Input:

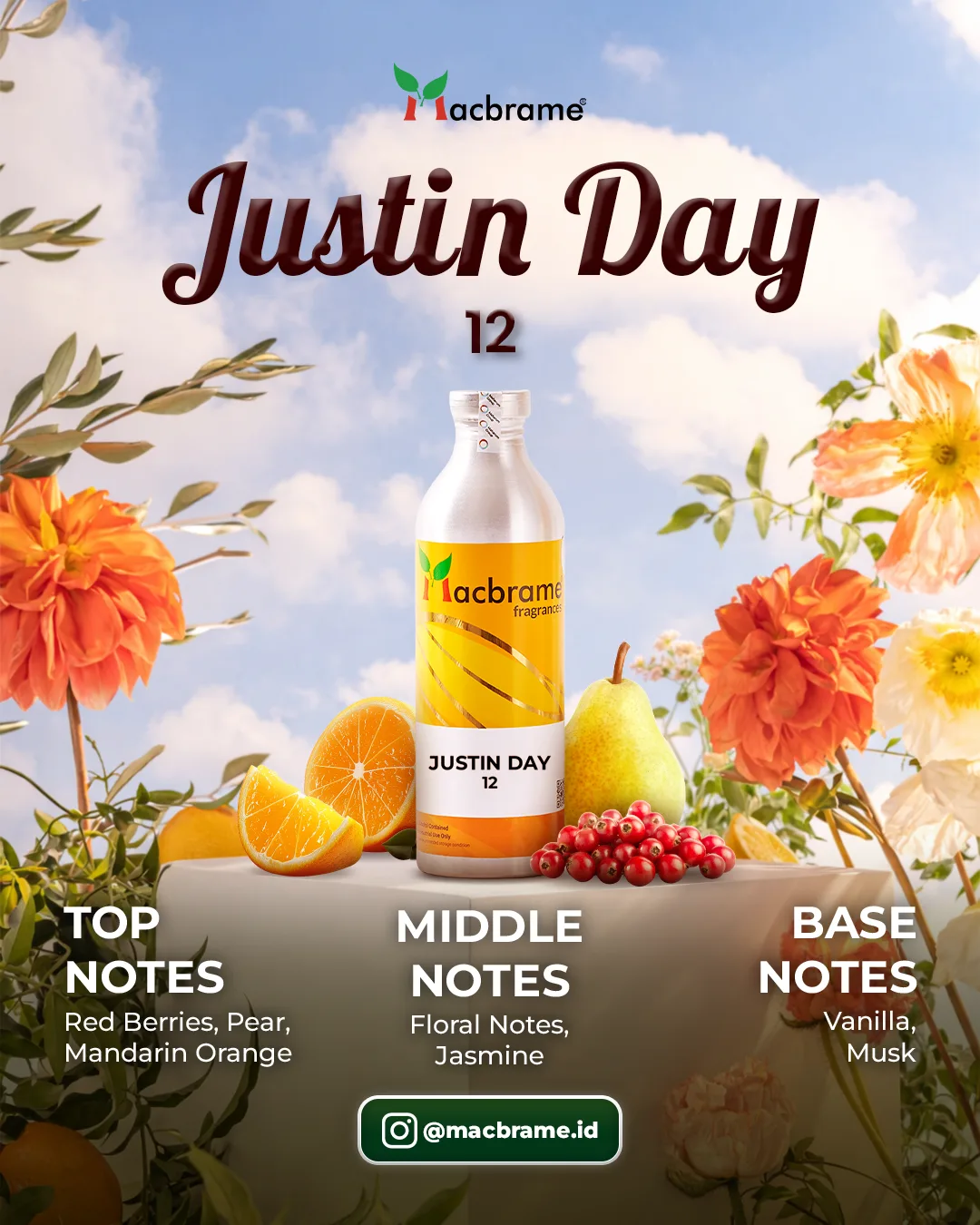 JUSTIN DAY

* * *

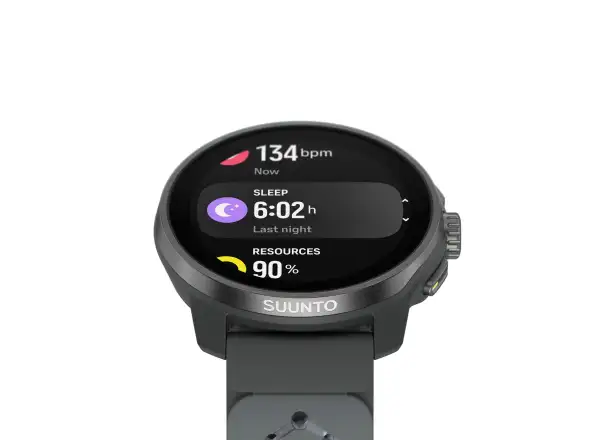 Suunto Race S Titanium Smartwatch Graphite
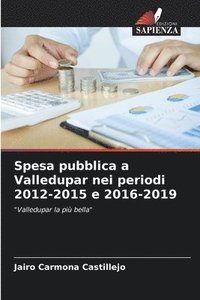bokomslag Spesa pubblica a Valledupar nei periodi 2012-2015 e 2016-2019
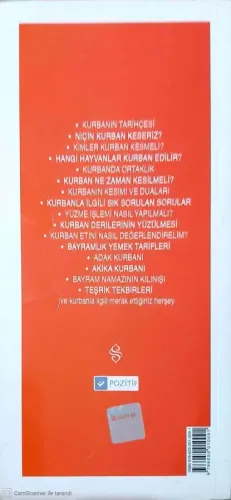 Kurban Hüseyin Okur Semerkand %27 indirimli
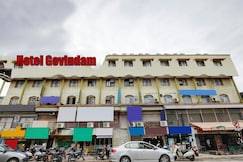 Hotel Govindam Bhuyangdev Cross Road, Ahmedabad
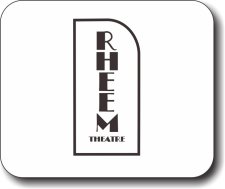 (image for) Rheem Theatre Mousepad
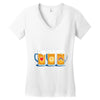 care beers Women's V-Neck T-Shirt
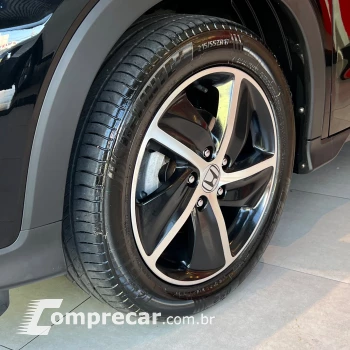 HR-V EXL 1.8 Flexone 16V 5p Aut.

...

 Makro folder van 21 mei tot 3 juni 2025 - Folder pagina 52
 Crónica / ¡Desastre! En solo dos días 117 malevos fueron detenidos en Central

Work instruction: Above are the records; copy from them only the lines starting at the one containing "care beers Women's V-Neck T-Shirt" and ending at the one containing "HR-V EXL 1.8 Flexone 16V 5p Aut.", exactly and without pictures.

Answer to this exercise:
 care beers Women's V-Neck T-Shirt
 HR-V EXL 1.8 Flexone 16V 5p Aut.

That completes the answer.